И полушалок матушка ей купила. Правда, не тот в розанах, зато атласный, пунцовый. Накинула ей на голову и прошептала, любуясь: «Ишь как на тебе ладно, доченька…» И слезу пустила. Эх, благодарности в тебе нет, Санька, вот что я тебе скажу! Найдя укромное местечко позади скамьи, Санька присела на траву, продолжая, однако, разглядывать всех, кто проходил мимо. Ну и рассказов у нее наберется! Полон короб… Послушают любезные сестрицы, чего она им сегодня наговорит.
Недалеко от той скамьи, за которой устроилась Санька, остановилась красивая барыня, а рядом с нею два барина. Говорили все трое между собою, надо думать, по-чужеземному, слова у них были непонятные. А платье на барыне было уж до того хорошо, что глаз не отвести: голубого переливчатого шелка да с синими бархатными бантами. И шляпка под стать — белая, тоже с синими бантами. Что хорошо, то хорошо, ничего не скажешь!
Но могла ли представить себе Саня, что темно-голубой наряд, который был в этот день на французской актрисе Луизе Мюзиль и так обольстил Саню, будет подарен именно ей, Саньке? Правда, уж не новый, поношенный, но все равно, щеголяя в этом наряде, она будет сокрушаться лишь об одном — что не может похвалиться им перед Марфушек и Любашей, покрасоваться перед соседской Парашей. Да и мачеха пусть зеленеет от зависти, не жаль…
И так получилось, что оба барина, простившись с француженкой, подошли к той скамейке, за которой в тени, на зеленой траве, сидела наша Санька.
А были эти два человека — один знаменитый в те времена драматург и театральный деятель князь Шаховской, а второй не менее знаменитый московский актер Петр Алексеевич Плавильщиков.
Глава четвертая
О том, как Санька увидела на земле кошелек
Они были очень разными, эти два человека, присевшие на скамью.
Один — старинного княжеского рода Александр Александрович Шаховской.
Второй из купцов — Плавильщиков Петр Алексеевич.
Шаховской — истый петербуржец, слегка презиравший Москву и все московские театральные порядки, о которых знал хорошо, хотя лишь временами — вот как теперь — наезжая в Москву.

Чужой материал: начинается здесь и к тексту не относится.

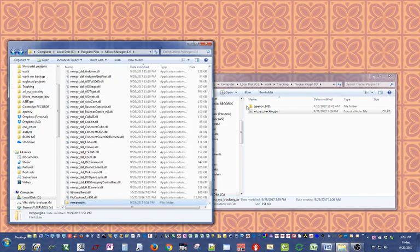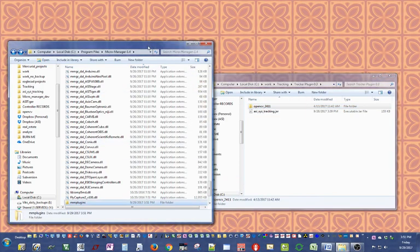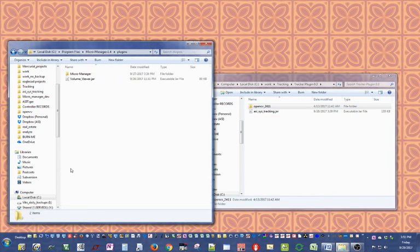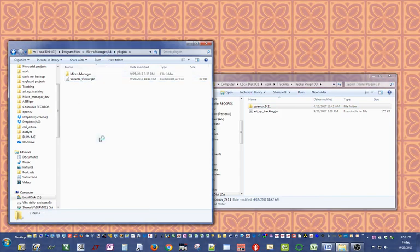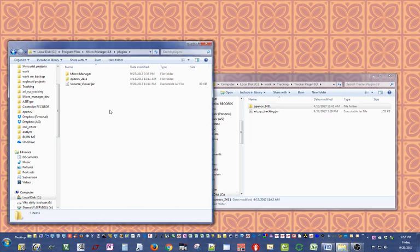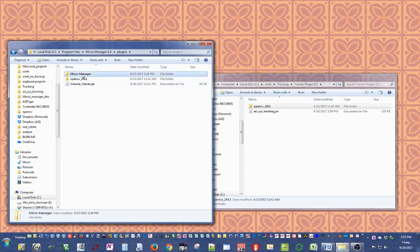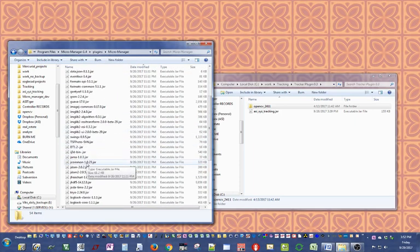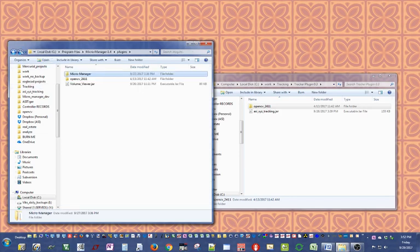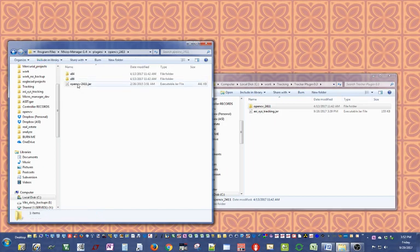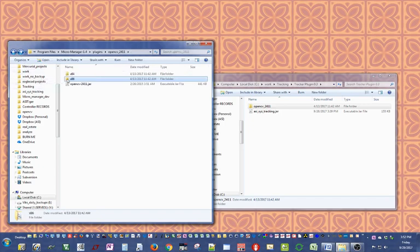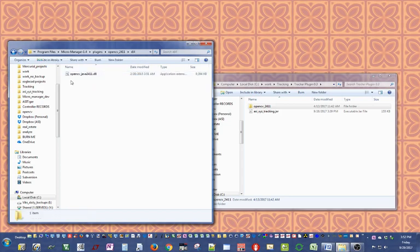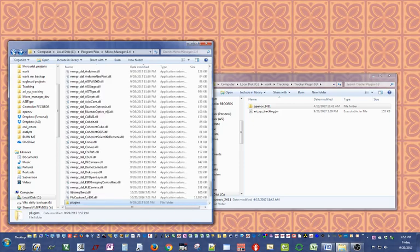Next we need to copy the OpenCV library into the plugin folder in MicroManager. This folder holds some of the libraries that MicroManager needs to work. Put OpenCV 2.4.11 here. This folder basically has OpenCV jar and the DLL for the 32-bit version of the operating system and the DLL for the 64-bit version. The plugin is smart enough to figure out what version of the operating system you have and use the proper DLL.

Плавильщиков — москвич, верный своему городу, почитавший Москву превыше всех городов на Руси. Самое короткое время он провел на сцепе петербургского театра, чтобы, вернувшись в Москву, уже более никуда не выезжать.
Шаховскому в ту пору, о которой ведется рассказ, было лет тридцать пять или около того, Плавильщикову уже перевалило за пятьдесят.